Segment Start: Record excerpts
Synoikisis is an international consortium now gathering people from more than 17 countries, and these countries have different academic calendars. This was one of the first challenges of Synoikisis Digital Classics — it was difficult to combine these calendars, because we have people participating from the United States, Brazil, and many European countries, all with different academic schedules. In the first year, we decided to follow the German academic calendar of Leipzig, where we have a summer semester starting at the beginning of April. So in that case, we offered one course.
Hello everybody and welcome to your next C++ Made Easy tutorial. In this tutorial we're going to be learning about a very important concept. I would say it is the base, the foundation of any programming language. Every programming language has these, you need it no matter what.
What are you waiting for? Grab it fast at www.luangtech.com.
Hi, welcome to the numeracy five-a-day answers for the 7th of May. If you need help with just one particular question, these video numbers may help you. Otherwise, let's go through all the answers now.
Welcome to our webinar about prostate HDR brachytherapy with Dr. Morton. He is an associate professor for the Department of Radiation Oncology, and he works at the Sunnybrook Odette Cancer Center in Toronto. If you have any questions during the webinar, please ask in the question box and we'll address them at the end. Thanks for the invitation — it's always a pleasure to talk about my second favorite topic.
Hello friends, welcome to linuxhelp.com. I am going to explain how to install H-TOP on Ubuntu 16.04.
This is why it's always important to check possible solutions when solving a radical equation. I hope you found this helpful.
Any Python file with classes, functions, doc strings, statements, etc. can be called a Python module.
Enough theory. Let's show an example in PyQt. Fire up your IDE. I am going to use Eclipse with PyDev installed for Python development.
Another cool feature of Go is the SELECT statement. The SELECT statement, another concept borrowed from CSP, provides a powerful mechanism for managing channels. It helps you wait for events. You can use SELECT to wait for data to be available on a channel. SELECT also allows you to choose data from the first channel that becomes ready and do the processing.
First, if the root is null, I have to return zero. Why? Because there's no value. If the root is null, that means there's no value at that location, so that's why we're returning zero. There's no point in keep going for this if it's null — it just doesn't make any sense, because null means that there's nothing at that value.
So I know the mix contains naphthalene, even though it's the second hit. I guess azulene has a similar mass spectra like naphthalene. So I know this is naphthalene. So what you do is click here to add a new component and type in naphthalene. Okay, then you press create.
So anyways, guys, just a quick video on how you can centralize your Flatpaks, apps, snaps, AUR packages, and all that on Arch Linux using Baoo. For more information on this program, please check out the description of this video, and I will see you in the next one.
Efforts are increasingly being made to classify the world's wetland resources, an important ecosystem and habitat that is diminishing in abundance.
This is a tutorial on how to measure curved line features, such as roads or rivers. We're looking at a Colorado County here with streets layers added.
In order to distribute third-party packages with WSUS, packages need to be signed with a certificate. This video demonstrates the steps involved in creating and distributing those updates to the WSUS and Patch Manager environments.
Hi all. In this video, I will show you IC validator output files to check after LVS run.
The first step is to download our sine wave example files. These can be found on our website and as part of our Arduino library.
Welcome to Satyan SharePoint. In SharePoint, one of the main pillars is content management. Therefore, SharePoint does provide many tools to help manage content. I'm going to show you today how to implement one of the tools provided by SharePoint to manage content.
Segment End: Record excerpts
→ **Work instruction**
Pull each line containing "tutorial" from the records.

→ **Answer section**
Hello everybody and welcome to your next C++ Made Easy tutorial. In this tutorial we're going to be learning about a very important concept. I would say it is the base, the foundation of any programming language. Every programming language has these, you need it no matter what.
This is a tutorial on how to measure curved line features, such as roads or rivers. We're looking at a Colorado County here with streets layers added.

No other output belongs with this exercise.